Thank you for your help in advance.

Regards,
Karthick Selvam

ghorrocks · October 28, 2013, 17:37

This is an FAQ: http://www.cfd-online.com/Wiki/Ansys...f_an_OUTLET.22

If it does not seem to be affecting your results then I would ignore it. A sensitivity check between this and an opening (which allows backflow) would be useful.
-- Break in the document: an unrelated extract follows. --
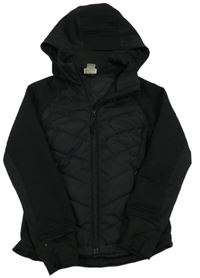 Čierna šusťákovo/sportovní bunda s kapucňou zn. H&M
selvam2487 · October 30, 2013, 04:05

Dear Glenn,

Thanks for your reply. Yesterday when I was checking my .out file again and I observed that

(i) During some iterations there was a wall placed at 100% of the outlet region in order to avoid the fluid flow back into the domain. My domain length downstream of T junction (the simulation that I am currently doing) is about 20 diameters. All my important measuring points lie within the first 10 diameters downstream of T junction. I have extended the computational domain by further 10 diameters in anticipation of these problems.

(ii) Usually the percentage of wall placed at the outlet for my simulations are in the range of 10-15%. This is the first time that I am getting 100% of wall placed at outlet. Will this affect the parameters in my monitor points region (in the range of 5-8 diameters downstream of T junction)?

Thanks for the reply in advance.

Regards,
Karthick Selvam

ghorrocks · October 30, 2013, 06:03

The trick of extending the outlet downstream does not work so well for LES. In LES you have turbulent eddies which will have parts where the flow is going backwards. This means you will almost always have some backflow somewhere. The amount of backflow will vary and it is possible that occasionally it becomes very high. But 100% backflow is a worry, that suggests you had numerical problems at this point.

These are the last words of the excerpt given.